About 13 million customers per month contact the West Coast customer service call center of the Bank of America, as reported by CIO Magazine . In the past, each caller would have listened to the same marketing advertisement, whether or not it was relevant to the caller's interests. However, “rather than pitch the product of the week, we want to be as relevant as possible to each customer,” states Chris Kelly, vice president and director of database marketing at Bank of America in San Francisco. Thus Bank of America's customer service representatives have access to individual customer profiles, so that the customer can be informed of new products or services that may be of greatest interest to him or her. This is an example of mining customer data to help identify the type of marketing approach for a particular customer, based on customer's individual profile.
So, what is data mining?
While waiting in line at a large supermarket, have you ever just closed your eyes and listened? You might hear the beep, beep, beep, of the supermarket scanners, reading the bar codes on the grocery items, ringing up on the register, and storing the data on company servers. Each beep indicates a new row in the database, a new “observation” in the information being collected about the shopping habits of your family, and the other families who are checking out.
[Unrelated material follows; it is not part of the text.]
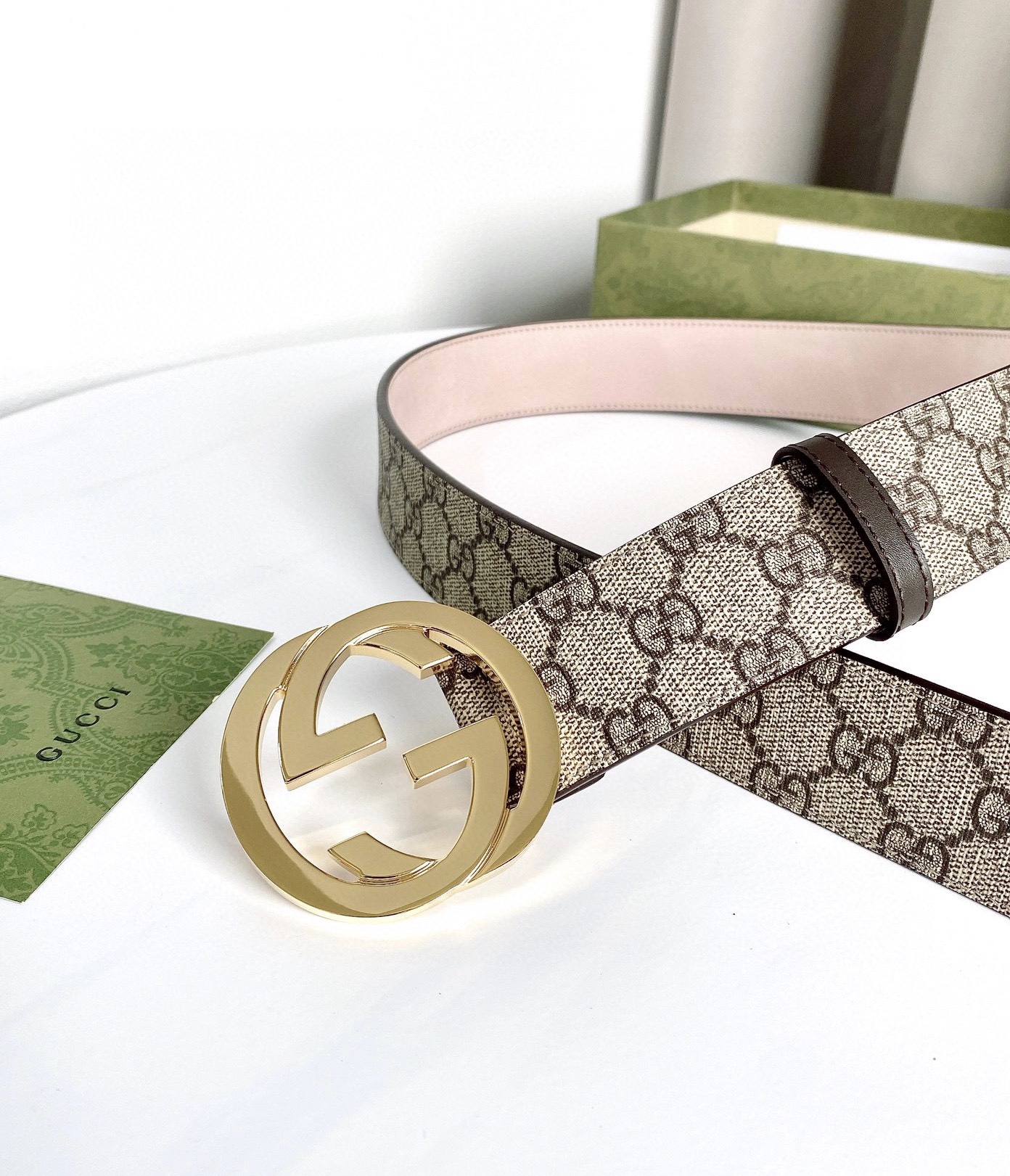 Gucci Canvas Belt Canvas M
Clearly, a lot of data is being collected. However, what is being learned from all this data? What knowledge are we gaining from all this information? Probably not as much as you might think, because there is a serious shortage of skilled data analysts.
1.2 Wanted: Data Miners
As early as 1984, in his book Megatrends , John Naisbitt observed that “We are drowning in information but starved for knowledge.” The problem today is not that there is not enough data and information streaming in. We are in fact inundated with data in most fields. Rather, the problem is that there are not enough trained human analysts available who are skilled at translating all of these data into knowledge, and thence up the taxonomy tree into wisdom.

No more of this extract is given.